On the surface, the puzzle of disproportionate cause and effect seems somewhat less stark if one takes the boom and bust in the U.S. housing market as the trigger of the crisis, as the paper gains and losses associated with the swing in house prices were many times the losses associated directly with subprime loans. Indeed, the 30 percent or so aggregate decline in house prices since their peak has by now eliminated nearly $7 trillion in paper wealth. However, on closer examination, it is not clear that even the large movements in house prices, in the absence of the underlying weaknesses in our financial system, can account for the magnitude of the crisis.
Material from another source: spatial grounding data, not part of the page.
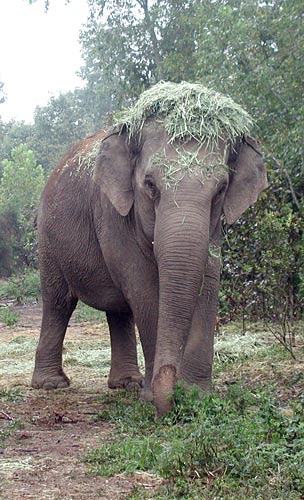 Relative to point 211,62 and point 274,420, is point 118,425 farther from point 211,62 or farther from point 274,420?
point 211,62

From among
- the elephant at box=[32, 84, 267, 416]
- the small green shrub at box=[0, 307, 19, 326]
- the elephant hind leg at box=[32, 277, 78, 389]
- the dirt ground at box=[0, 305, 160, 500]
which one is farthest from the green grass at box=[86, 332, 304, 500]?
the small green shrub at box=[0, 307, 19, 326]

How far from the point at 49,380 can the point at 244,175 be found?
10.4 feet

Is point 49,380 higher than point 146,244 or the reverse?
the reverse

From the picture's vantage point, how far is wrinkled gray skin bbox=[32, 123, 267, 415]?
607 centimetres

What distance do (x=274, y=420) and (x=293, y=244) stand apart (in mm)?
5684

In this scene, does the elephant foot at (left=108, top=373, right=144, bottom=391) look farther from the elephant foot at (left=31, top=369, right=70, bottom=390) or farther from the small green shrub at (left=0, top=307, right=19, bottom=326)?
the small green shrub at (left=0, top=307, right=19, bottom=326)

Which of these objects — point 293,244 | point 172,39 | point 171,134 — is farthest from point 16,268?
point 171,134

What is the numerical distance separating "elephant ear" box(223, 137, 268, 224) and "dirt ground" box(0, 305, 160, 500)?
6.45 ft

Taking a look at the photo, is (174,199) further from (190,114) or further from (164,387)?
Answer: (164,387)

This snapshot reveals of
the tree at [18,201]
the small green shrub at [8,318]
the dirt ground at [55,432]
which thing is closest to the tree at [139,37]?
the tree at [18,201]

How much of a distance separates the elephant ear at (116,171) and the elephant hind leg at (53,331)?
230cm

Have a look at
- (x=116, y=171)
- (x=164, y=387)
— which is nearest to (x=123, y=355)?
(x=116, y=171)

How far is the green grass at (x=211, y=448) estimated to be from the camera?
4270 mm

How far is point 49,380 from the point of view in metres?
8.95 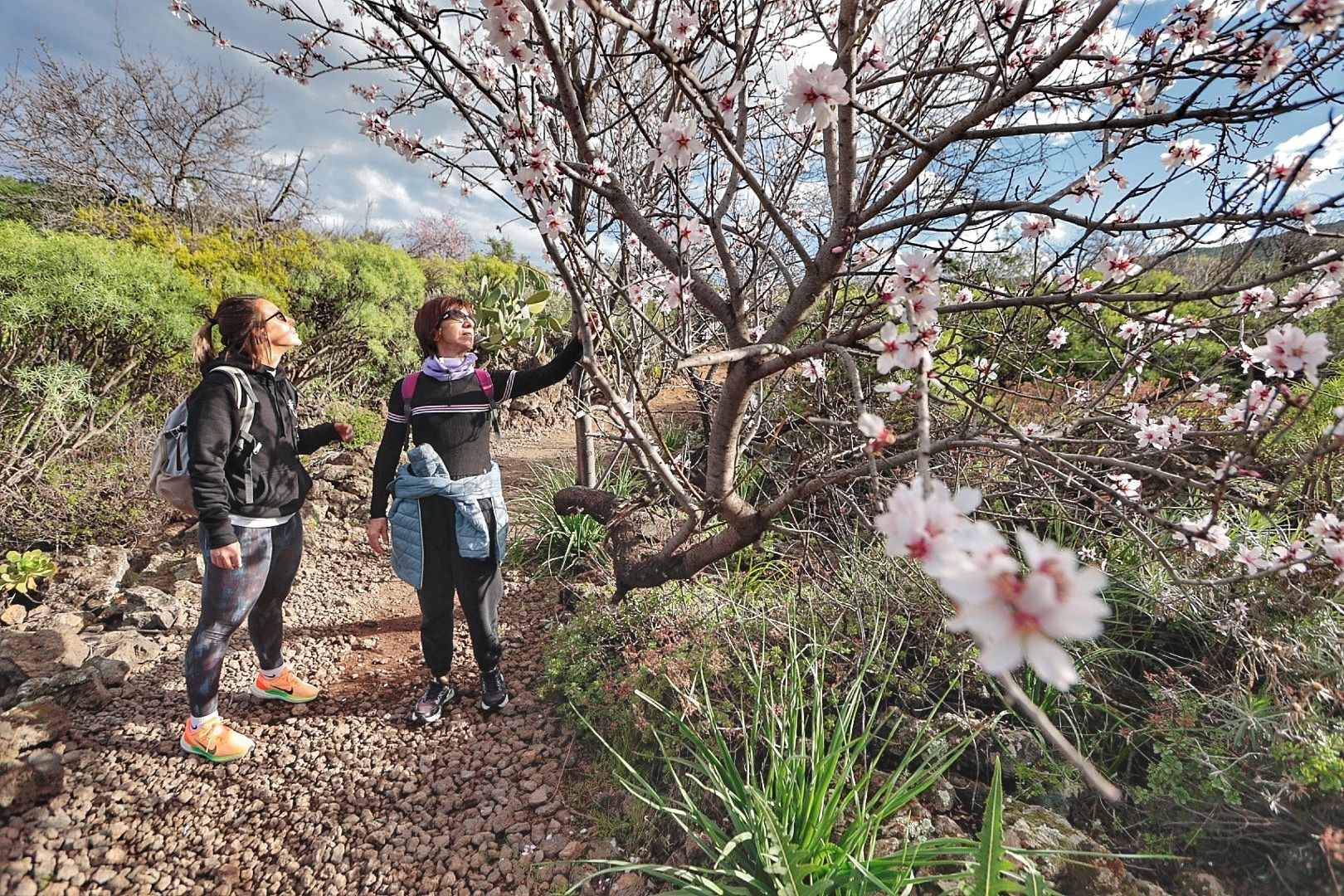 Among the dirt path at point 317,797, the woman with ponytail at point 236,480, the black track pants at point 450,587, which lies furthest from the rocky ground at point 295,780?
the black track pants at point 450,587

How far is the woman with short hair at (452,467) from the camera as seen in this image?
221cm

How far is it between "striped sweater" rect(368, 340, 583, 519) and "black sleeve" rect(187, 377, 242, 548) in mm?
480

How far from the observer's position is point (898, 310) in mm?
1111

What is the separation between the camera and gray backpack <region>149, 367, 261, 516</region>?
205 centimetres

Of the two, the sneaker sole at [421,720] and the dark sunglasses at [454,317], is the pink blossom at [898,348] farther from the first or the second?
the sneaker sole at [421,720]

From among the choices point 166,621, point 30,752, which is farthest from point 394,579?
point 30,752

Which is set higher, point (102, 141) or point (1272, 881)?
point (102, 141)

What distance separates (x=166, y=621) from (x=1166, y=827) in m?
4.46

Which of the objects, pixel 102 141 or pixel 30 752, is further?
pixel 102 141

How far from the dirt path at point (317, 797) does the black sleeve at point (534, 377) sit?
1.45 m

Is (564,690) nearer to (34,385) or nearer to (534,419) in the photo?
(34,385)

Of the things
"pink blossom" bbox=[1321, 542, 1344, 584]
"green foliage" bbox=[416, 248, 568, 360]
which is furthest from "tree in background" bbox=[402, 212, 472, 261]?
"pink blossom" bbox=[1321, 542, 1344, 584]

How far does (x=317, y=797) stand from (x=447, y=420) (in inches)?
59.8

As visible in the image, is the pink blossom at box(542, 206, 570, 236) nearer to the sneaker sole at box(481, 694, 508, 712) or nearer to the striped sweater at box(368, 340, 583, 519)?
the striped sweater at box(368, 340, 583, 519) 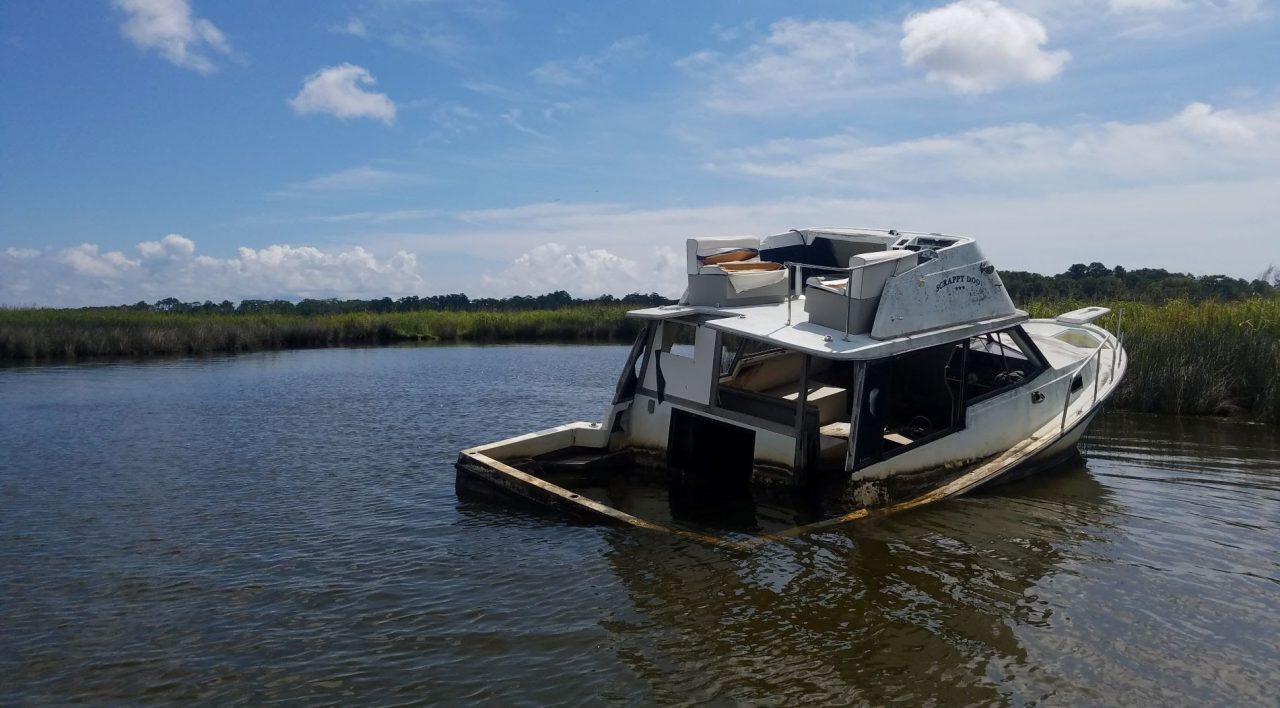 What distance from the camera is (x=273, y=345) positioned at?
37.3 metres

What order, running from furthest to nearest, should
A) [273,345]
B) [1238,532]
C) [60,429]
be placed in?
[273,345] → [60,429] → [1238,532]

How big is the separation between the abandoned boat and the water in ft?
1.42

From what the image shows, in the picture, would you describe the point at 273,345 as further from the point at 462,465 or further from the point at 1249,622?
the point at 1249,622

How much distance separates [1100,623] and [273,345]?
36.6 meters

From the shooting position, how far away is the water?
17.1 feet

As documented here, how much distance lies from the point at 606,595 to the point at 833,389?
16.2ft

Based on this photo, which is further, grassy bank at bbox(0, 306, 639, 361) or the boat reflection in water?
grassy bank at bbox(0, 306, 639, 361)

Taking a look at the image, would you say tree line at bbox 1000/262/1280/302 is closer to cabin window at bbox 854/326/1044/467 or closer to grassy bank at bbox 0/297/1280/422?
grassy bank at bbox 0/297/1280/422

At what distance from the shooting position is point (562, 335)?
44.0 m

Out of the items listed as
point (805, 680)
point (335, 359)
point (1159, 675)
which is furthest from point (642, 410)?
point (335, 359)

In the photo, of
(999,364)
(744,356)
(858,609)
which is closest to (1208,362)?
(999,364)

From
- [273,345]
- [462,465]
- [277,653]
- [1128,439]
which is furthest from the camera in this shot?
[273,345]

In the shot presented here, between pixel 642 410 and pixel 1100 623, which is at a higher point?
pixel 642 410

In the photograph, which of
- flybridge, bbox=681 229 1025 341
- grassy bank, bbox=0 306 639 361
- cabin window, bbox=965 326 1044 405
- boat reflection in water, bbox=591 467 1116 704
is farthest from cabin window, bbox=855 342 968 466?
grassy bank, bbox=0 306 639 361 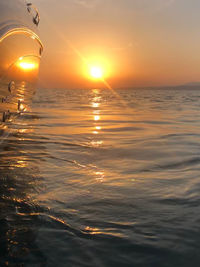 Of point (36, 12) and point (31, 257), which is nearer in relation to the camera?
point (31, 257)

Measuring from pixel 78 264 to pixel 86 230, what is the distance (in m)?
0.35

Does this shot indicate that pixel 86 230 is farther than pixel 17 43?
No

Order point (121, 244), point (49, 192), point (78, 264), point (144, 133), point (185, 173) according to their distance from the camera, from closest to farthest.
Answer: point (78, 264) < point (121, 244) < point (49, 192) < point (185, 173) < point (144, 133)

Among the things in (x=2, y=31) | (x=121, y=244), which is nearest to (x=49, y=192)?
(x=121, y=244)

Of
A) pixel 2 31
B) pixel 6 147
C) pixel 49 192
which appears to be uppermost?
pixel 2 31

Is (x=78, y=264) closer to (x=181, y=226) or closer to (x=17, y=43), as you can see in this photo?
(x=181, y=226)

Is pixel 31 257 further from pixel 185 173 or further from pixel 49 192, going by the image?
pixel 185 173

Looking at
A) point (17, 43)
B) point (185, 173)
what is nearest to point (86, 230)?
point (185, 173)

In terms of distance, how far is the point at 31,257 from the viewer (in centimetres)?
151

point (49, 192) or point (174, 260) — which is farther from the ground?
point (49, 192)

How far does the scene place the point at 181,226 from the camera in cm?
187

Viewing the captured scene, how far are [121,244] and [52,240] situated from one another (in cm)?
38

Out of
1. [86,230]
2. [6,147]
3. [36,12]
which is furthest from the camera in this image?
[36,12]

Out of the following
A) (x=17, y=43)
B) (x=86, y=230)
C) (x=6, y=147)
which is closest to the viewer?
(x=86, y=230) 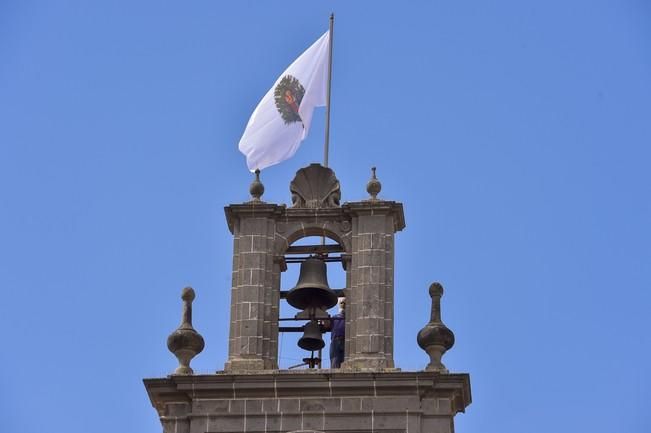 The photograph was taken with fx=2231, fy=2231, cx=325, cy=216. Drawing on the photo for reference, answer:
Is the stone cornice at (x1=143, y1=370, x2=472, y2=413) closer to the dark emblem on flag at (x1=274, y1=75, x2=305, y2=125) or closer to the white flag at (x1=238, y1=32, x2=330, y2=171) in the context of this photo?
the white flag at (x1=238, y1=32, x2=330, y2=171)

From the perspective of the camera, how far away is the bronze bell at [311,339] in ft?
144

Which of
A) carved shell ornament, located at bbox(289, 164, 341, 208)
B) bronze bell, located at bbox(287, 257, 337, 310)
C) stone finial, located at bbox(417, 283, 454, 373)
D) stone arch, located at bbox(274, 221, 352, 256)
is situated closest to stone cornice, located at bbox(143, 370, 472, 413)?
stone finial, located at bbox(417, 283, 454, 373)

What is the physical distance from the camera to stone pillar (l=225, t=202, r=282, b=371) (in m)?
42.5

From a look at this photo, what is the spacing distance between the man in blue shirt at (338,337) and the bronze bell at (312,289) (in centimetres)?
36

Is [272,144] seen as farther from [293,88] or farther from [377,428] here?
[377,428]

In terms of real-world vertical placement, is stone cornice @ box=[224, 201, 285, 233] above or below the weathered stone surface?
above

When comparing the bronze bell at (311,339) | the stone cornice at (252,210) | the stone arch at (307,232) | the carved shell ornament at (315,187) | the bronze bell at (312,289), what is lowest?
the bronze bell at (311,339)

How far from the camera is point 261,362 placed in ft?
139

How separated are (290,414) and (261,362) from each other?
4.42 ft

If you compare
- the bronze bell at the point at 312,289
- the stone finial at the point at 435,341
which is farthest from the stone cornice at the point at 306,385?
the bronze bell at the point at 312,289

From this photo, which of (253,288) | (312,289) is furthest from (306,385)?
(312,289)

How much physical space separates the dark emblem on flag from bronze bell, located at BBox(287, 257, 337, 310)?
3.69 m

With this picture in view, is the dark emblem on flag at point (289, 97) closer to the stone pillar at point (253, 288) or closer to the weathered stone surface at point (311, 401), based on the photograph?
the stone pillar at point (253, 288)

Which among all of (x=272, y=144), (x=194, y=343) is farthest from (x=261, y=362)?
(x=272, y=144) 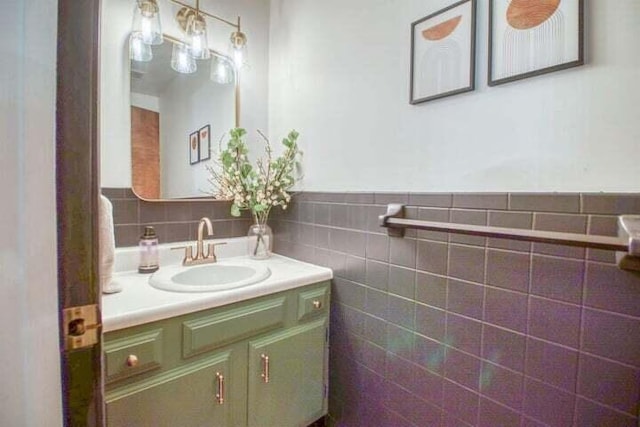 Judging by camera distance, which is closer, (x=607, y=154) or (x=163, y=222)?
(x=607, y=154)

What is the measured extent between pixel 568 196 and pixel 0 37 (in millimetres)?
1080

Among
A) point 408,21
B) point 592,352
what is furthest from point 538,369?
point 408,21

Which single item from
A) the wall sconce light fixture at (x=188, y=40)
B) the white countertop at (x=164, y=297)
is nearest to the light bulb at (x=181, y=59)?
the wall sconce light fixture at (x=188, y=40)

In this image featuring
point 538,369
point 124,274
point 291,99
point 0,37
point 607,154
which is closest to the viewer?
point 0,37

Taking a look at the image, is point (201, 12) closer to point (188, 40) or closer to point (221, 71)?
→ point (188, 40)

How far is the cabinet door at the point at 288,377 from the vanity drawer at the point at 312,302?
5cm

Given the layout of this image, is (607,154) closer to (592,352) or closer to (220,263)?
(592,352)

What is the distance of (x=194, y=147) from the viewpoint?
1.43m

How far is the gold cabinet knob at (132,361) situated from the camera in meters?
0.81

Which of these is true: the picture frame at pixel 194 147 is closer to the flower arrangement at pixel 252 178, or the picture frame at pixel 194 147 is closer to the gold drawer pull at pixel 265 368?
the flower arrangement at pixel 252 178

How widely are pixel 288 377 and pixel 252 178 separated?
864 mm

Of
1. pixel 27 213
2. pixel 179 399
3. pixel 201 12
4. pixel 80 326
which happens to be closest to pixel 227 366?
pixel 179 399

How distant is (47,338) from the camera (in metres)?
0.43

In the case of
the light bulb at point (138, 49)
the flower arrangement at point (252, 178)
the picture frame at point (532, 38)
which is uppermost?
the light bulb at point (138, 49) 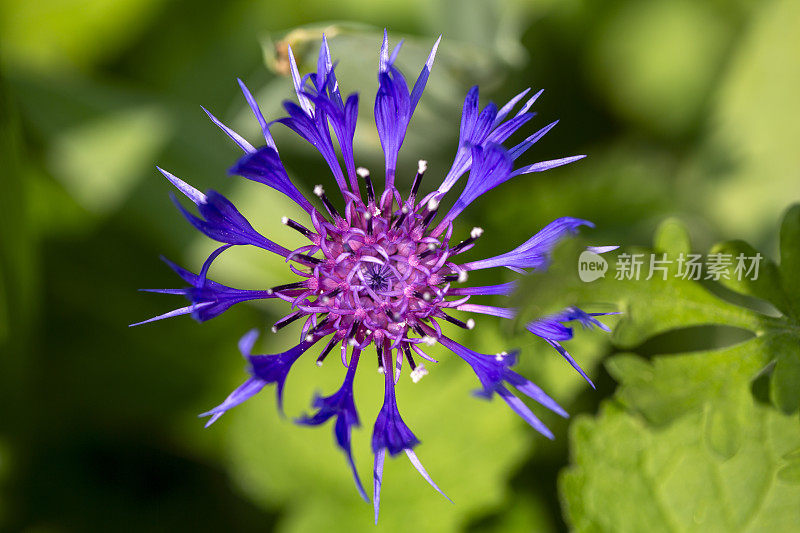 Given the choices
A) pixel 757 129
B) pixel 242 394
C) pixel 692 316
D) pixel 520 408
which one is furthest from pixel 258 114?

First, much of the decline in house prices has occurred since the most intense phase of the crisis; the decline in prices since September 2008 is probably better viewed as largely the result of, rather than a cause of, the crisis and ensuing recession. More fundamentally, however, any theory of the crisis that ties its magnitude to the size of the housing bust must also explain why the fall of dot-com stock prices just a few years earlier, which destroyed as much or more paper wealth–more than $8 trillion–resulted in a relatively short and mild recession and no major financial instability.2 Once again, the explanation of the differences between the two episodes must be that the problems in housing and mortgage markets interacted with deeper vulnerabilities in the financial system in ways that the dot-com bust did not. So let me turn, then, to a discussion of those vulnerabilities and how they amplified the effects of triggers like the collapse of the subprime mortgage market.

A number of the vulnerabilities I listed a few moments ago were associated with the increased importance of the so-called shadow banking system. Shadow banking, as usually defined, comprises a diverse set of institutions and markets that, collectively, carry out traditional banking functions–but do so outside, or in ways only loosely linked to, the traditional system of regulated depository institutions. Examples of important components of the shadow banking system include securitization vehicles, asset-backed commercial paper (ABCP) conduits, money market mutual funds, markets for repurchase agreements (repos), investment banks, and mortgage companies. Before the crisis, the shadow banking system had come to play a major role in global finance.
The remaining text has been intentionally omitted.